Much has happened since Santigold last appeared in Los Angeles in 2009, when she shared a bill with Raphael Saadiq and Femi Kuti at the Hollywood Bowl and stole the show. Songs from her hook-laden debut album, “Santogold” (she changed her name slightly), seemed to be popping up everywhere, including commercials for Ford and Budweiser, while associations with the likes of Jay-Z, Kanye West, Bjork and Azealia Banks lent her cred with the old and new world orders, and her dynamic set on the main stage at Coachella in April suggested that she had fully arrived.

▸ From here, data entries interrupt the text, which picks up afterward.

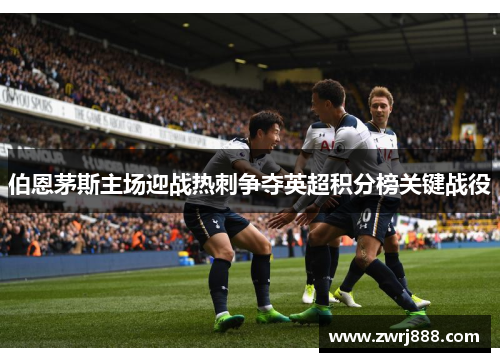 伯恩茅斯主场迎战热刺争夺英超积分榜关键战役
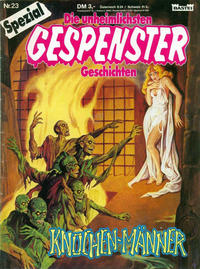 Cover Thumbnail for Gespenster Geschichten Spezial (Bastei Verlag, 1987 series) #23 - Knochen-Männer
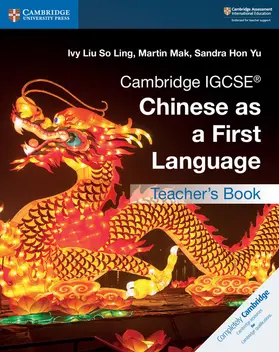 Liu So Ling / Mak / Hon Yu | Cambridge IGCSE® Chinese as a First Language Teacher's Book | Buch | 978-1-108-43496-6 | sack.de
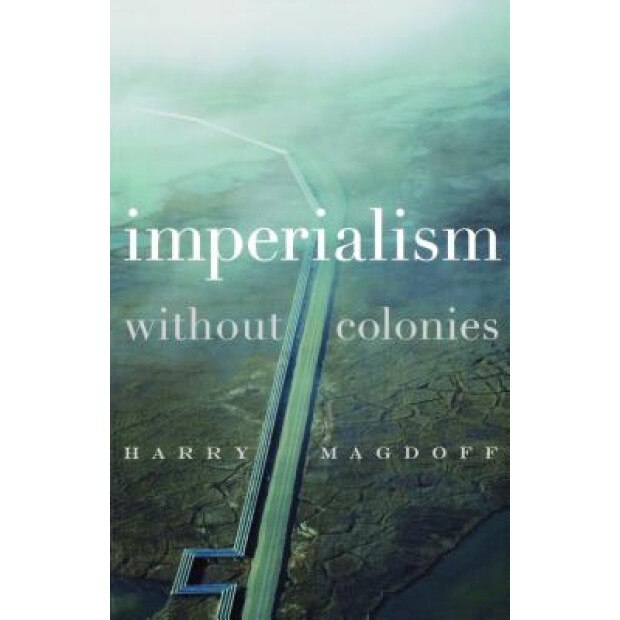 Imperialism Without Colonies, Harry Magdoff (Author)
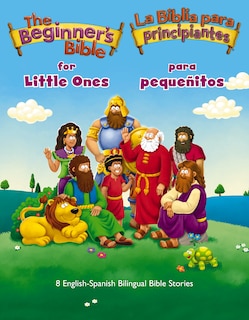 Front cover_The Beginner’s Bible for Little Ones (Bilingual) / La Biblia para principiantes para pequeñitos (Bilingüe)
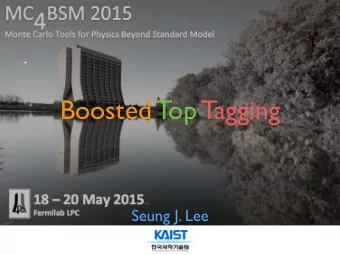 Boosted Top Tagging  Seung J. Lee  Outline  Introduction: top jets @ LHC  Modern boosted top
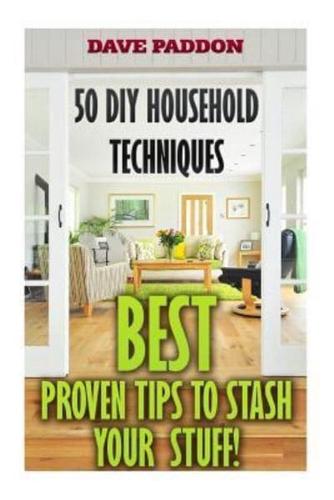 50 DIY Household Techniques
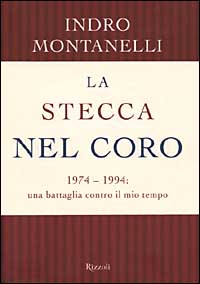 La stecca nel coro. 1974-1994: una battaglia contro il mio tempo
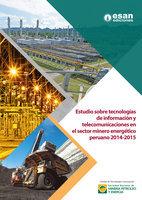 Estudio sobre tecnologías de información y telecomunicaciones en sector minero energético peruano 2014-2015 - Eddy Morris, Jaime Serida, Néstor Salcedo, Peter Yamakawa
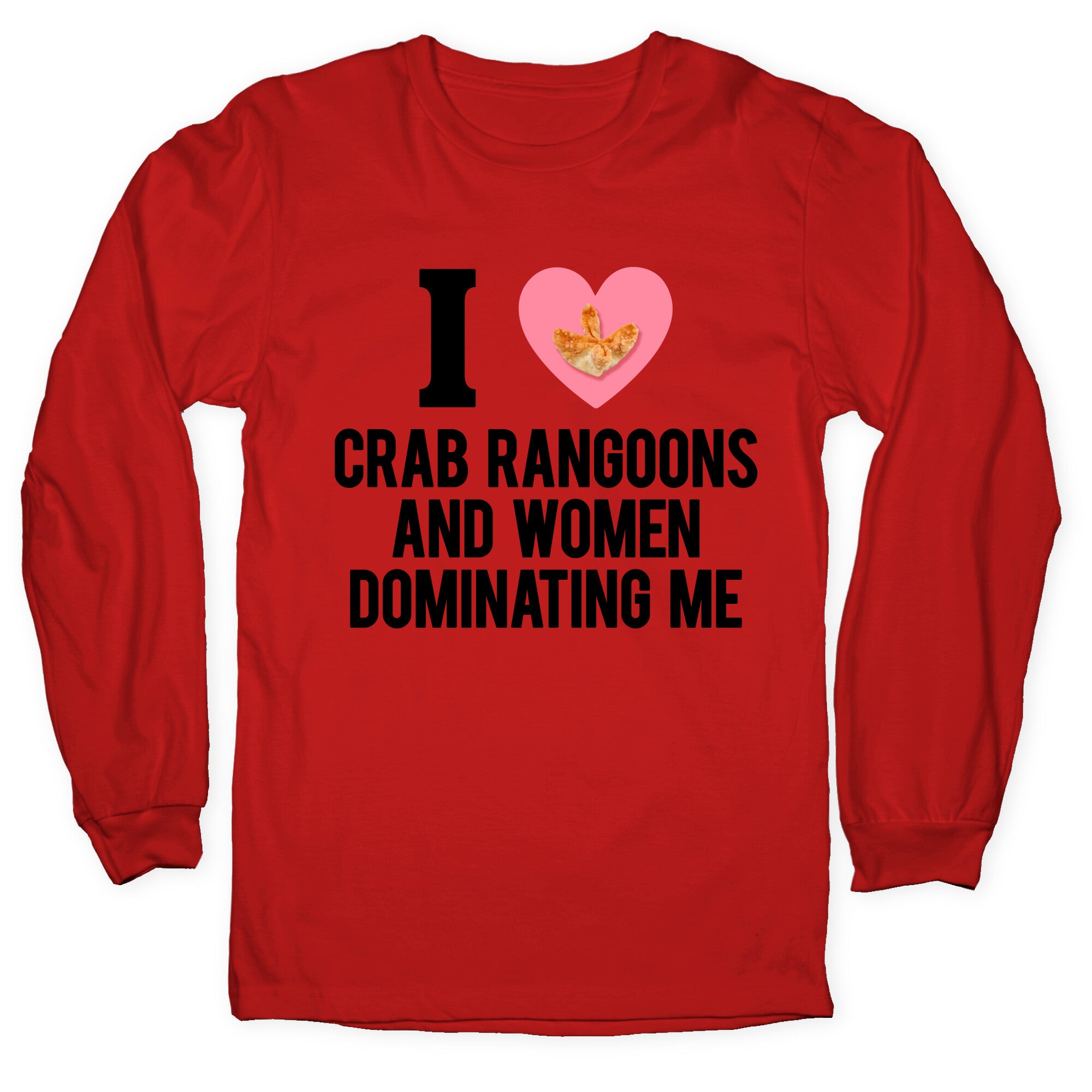 I Love Crab Rangoons and Women Dominating Me Longsleeve Tee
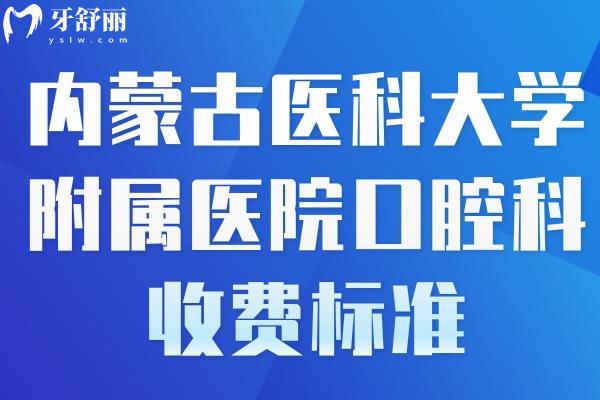 内蒙古医科大学附属医院口腔科收费标准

Oh, and then there’s the long-awaited new album, “Master of My Make-Believe,” which debuted at No. 21 on the Billboard 200 chart and has sold 35,000 units since its May 1 release.
Given the modest numbers, it’s no wonder the Brooklyn-based, Wesleyan-educated singer-songwriter, aka Santi White, expressed surprise when fans were singing along to the new record at Club Nokia on Friday night. “It makes me so happy,” she said. The modesty is part of Santigold’s charm, but her new album is anything but, filled as it is with anthems about self-empowerment, fame and rebellion, with the cover art depicting the singer-songwriter as empress, soldier and sexpot.

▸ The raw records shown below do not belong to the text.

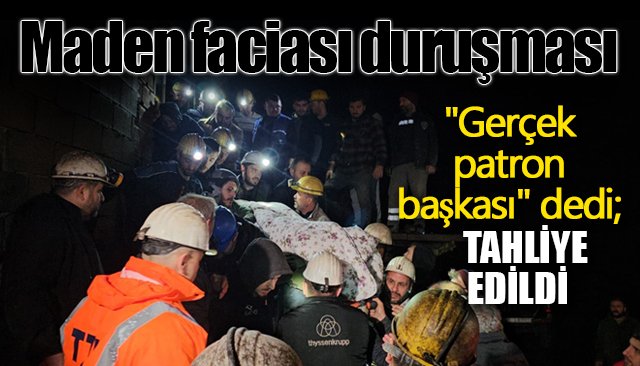 ´´Gerçek patron başkası´´ dedi; tahliye edildi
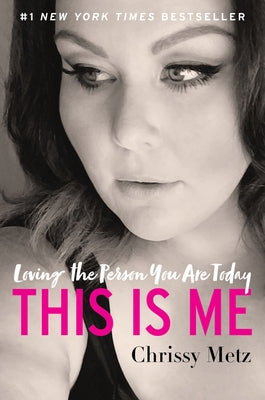 This Is Me: Loving the Person You Are Today by Metz, Chrissy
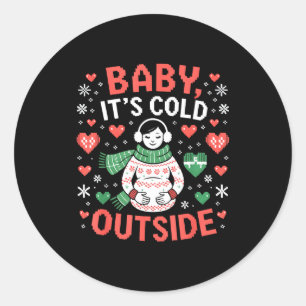 Baby It's Cold Outside Pregnant Pregnancy Baby Ann Classic Round Sticker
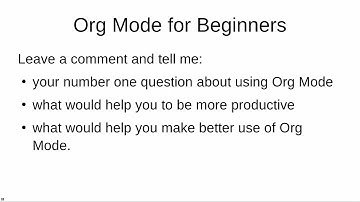 Org Mode for Beginners - Lesson 9 - Starting the Series Again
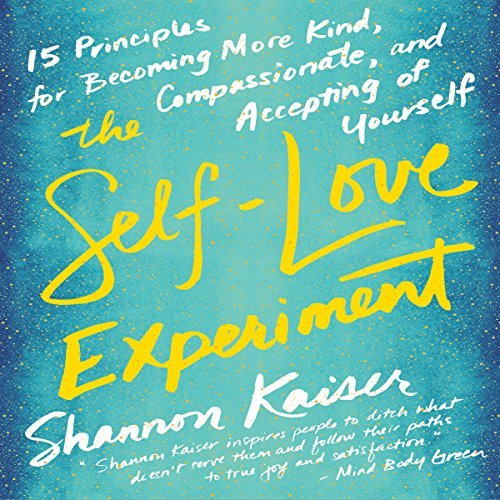 The Self Love Experiment: Fifteen Principles for Becoming More Kind, Compassionate, and Accepting of Yourself [Audiobook]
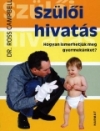 SZÜLŐI HIVATÁS - HOGYAN ISMERHETJÜK MEG GYERMEKÜNKET?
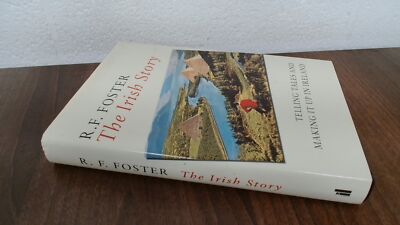 			The Irish Story: Telling Tales and Making it Up in Ireland, Foste		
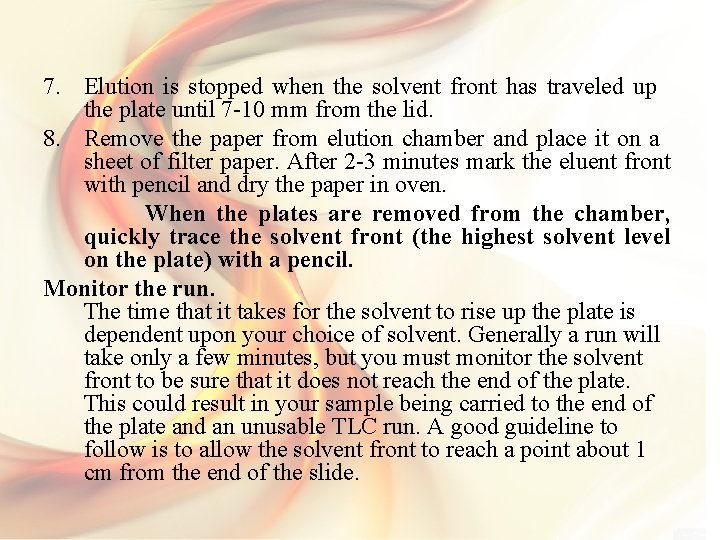 7. Elution is stopped when the solvent front has traveled up the plate until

“People want my power / and they want my station / stormed my winter palace / but they couldn’t take it…,” she sings in “Go!,” which opens the new album and kicked off this show. As many critics have pointed out, the song’s martial cadences sound like a call to arms. But Santigold’s multi-culti mix of agit pop, ’80s new wave, dance hall, dub step and speed rap are more like a call to get up and groove, and that’s what the capacity audience did throughout the 80-minute set.

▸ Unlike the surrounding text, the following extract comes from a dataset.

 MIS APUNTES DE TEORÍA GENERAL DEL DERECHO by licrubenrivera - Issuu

If Santigold seems to be exhibiting a tad bit of insecurity about the new material — after that first tune, she segued immediately to “L.E.S. Artists” and “Lights Out” from her first album — it’s understandable. “Master of My Make Believe” takes some getting used to, but each listening adds depth and insight, and the tunes become less in your face, with the heavy percussion-and-bass foundations, and more empathetic. “You can make it alone if you try,” she sings in “God From the Machine,” a shout-out to all those freaks with whom she identifies, not unlike Lady Gaga’s little monsters.
Santigold eventually covered much of “Master of My Make Believe” in the show, with her two backup dancers an important theatrical component — their precision falling somewhere between possessed marionettes and the robotic moves of Devo, which she has cited as her favorite band. With the exception of those two dancers, the presentation was fairly minimalist, with a drummer, bassist and keyboardist summoning up samples to fortify Santigold’s muscular grooves.
Santigold’s album sales might suggest slightly more than a cult following, but the power of her music and the respect of her peers suggests something more pervasive. That she’s such a chameleon might make her tougher to market, but that only adds to her mesmerizing appeal.